Panasonic should be making a test production line for 4680 battery cells by the end of 2021.

Elon’s tweet confirms what the Tesla community has been expecting for months.

SOURCES – Elon Musk, Electrified, Dr. Know-it-all Knows it all, Tesla Vision
Written by Brian Wang, Nextbigfuture.com (Brian owns shares of Tesla)

21 thoughts on “Elon Tweets GigaTexas Starting with 4680 Cell Model Y”

  1. You do see a whole lot of hate for Musk floating around the net. A lot more than I would have predicted from "he gave the world electric cars and cheaper internet".

    Reply
  2. Just because it is structural, does not mean it can't be replaced. That is just an assumption.
    The only thing that naturally follows is that you don't want to drive it with no battery or with some cells removed. Not terribly useful info…but…

    Reply
  3. Has enemies in the fossil fuel industries, the electric utilizes, the car makers, the MIC, and China. Lots of people with lots of political pull.

    Reply
  4. The sixth is to challenge too many rich and powerful interests at the same time and end up out-maneuvered politically, ending up with anti-trust suites or something that breaks his empire up.

    Reply
  5. With all he doing, he is stretching himself thin. There are ways for him to fail. The first one is to die. The second is to overestimate the demand for EV and not sell enough EVs. The third is to hit production problems that he can't solve quickly. The fourth is issues with his EVs like fit and finish. The fifth is maintenance and reliability issues with his EVs.

    Reply
  6. Five years? The technologically-ancient Samsung batteries in my Fiat 500e are like 2011 vintage (when they were developed) when it comes to innovation. There’s zero degradation six or so years in at 70K miles. ‘Modern’ lithium batteries absolutely outperform these old examples in every metric.

    Reply
  7. With new the technology what are you thinking? 5 year batteries like the old Prius or Leaf? Come one, these new batteries and are worlds different.

    Reply
  8. The problem with structural batteries is that they can't be replaced, and when they degrade in, say, five years, you might have to throw the entire car away.

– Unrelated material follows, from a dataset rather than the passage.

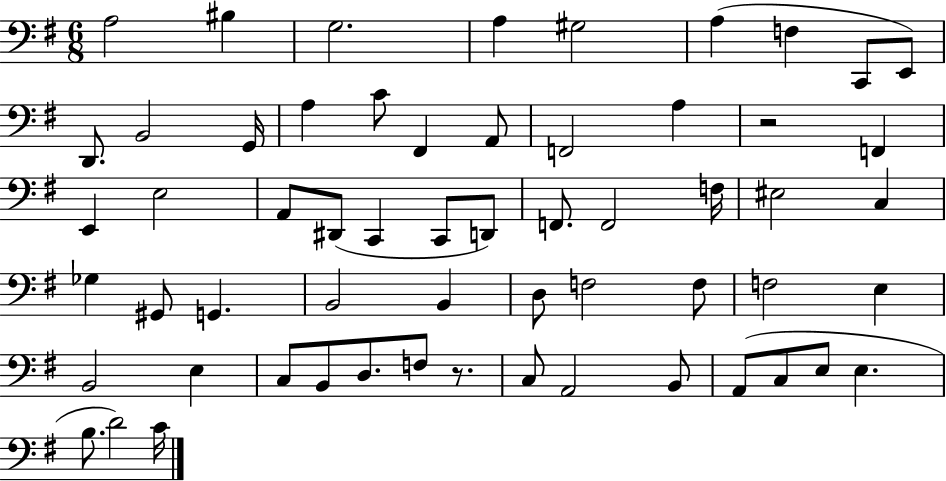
A3/h BIS3/q G3/h. A3/q G#3/h A3/q F3/q C2/e E2/e D2/e. B2/h G2/s A3/q C4/e F#2/q A2/e F2/h A3/q R/h F2/q E2/q E3/h A2/e D#2/e C2/q C2/e D2/e F2/e. F2/h F3/s EIS3/h C3/q Gb3/q G#2/e G2/q. B2/h B2/q D3/e F3/h F3/e F3/h E3/q B2/h E3/q C3/e B2/e D3/e. F3/e R/e. C3/e A2/h B2/e A2/e C3/e E3/e E3/q. B3/e. D4/h C4/s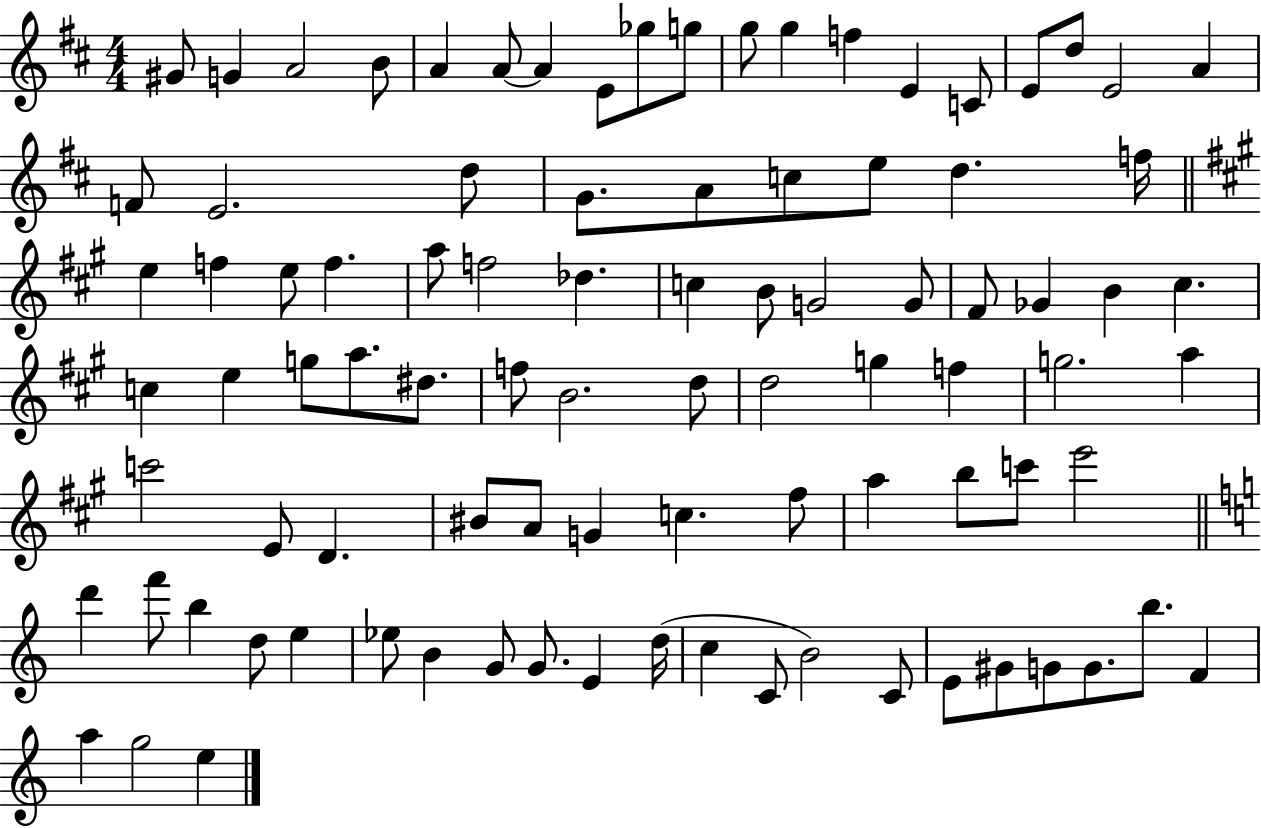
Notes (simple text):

G#4/e G4/q A4/h B4/e A4/q A4/e A4/q E4/e Gb5/e G5/e G5/e G5/q F5/q E4/q C4/e E4/e D5/e E4/h A4/q F4/e E4/h. D5/e G4/e. A4/e C5/e E5/e D5/q. F5/s E5/q F5/q E5/e F5/q. A5/e F5/h Db5/q. C5/q B4/e G4/h G4/e F#4/e Gb4/q B4/q C#5/q. C5/q E5/q G5/e A5/e. D#5/e. F5/e B4/h. D5/e D5/h G5/q F5/q G5/h. A5/q C6/h E4/e D4/q. BIS4/e A4/e G4/q C5/q. F#5/e A5/q B5/e C6/e E6/h D6/q F6/e B5/q D5/e E5/q Eb5/e B4/q G4/e G4/e. E4/q D5/s C5/q C4/e B4/h C4/e E4/e G#4/e G4/e G4/e. B5/e. F4/q A5/q G5/h E5/q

    I hope I'm being unnecessarily pessimistic.

    Reply
  9. Would very much like to see some complete cycles from pre-injection to part ejection,
    complete with part QC & inspection

    Reply
  10. Hey Brian, will you be covering the new research out of Japan on a potential alternative to ventilators and ECMO, which might be usable for COVID-19 treatment? Called EVA, they want to pump oxygenated perfluorocarbon up people's bums, as the intestinal membrane is a potential alternative path for O2/CO2 exchange. They've completed initial mouse and pig studies and it looks viable as a ventilator supplement at least, though you are limited by surface area of the membrane itself. If you rough up the membrane a bit apparently you can just go straight to pumping in gaseous O2, but that doesn't seem practical in humans.

    Shades of the liquid air breathing apparatus from the movie "The Abyss".

    Reply
  11. That front gigacasting is serious business.

    With the frame integration for the battery pack though, how much will that raise the cost of battery replacements though?

    Also, it looks like the semiconductor shortage is finally hitting Tesla as well, as a large number of "containment hold" vehicles are piling up at delivery centers, waiting for a specific part that can be installed in the field at the delivery center. The part itself hasn't been identified though.

    Reply
  12. Temporary. Until the Austin plant is up and running, they’re making their money off the California plant. They can’t shut that down and retool for the changes until Austin comes online.

    Reply
  13. It means they will likely have a usable battery at this form factor. It does not necessarily mean they they have achieved all the goals laid out in "battery day" for this battery. It may indeed take that addition year to meet all the goals laid out.
    I hope it is close though.
    The car itself sounds very good. With the reduced weight, performance and range is likely improved, even if the battery itself is only marginally better.

    They need to get the Cybertruck and the Semi out there. There is only so much demand for new cars. Pickups are the hottest selling vehicles, https://www.caranddriver.com/news/g36005989/best-selling-cars-2021/ and electric semis are capable of saving a lot of fuel over their life.

    Reply
  14. No need to try to import a Model Y from Germany. Austin will produce both the best range and best ride available.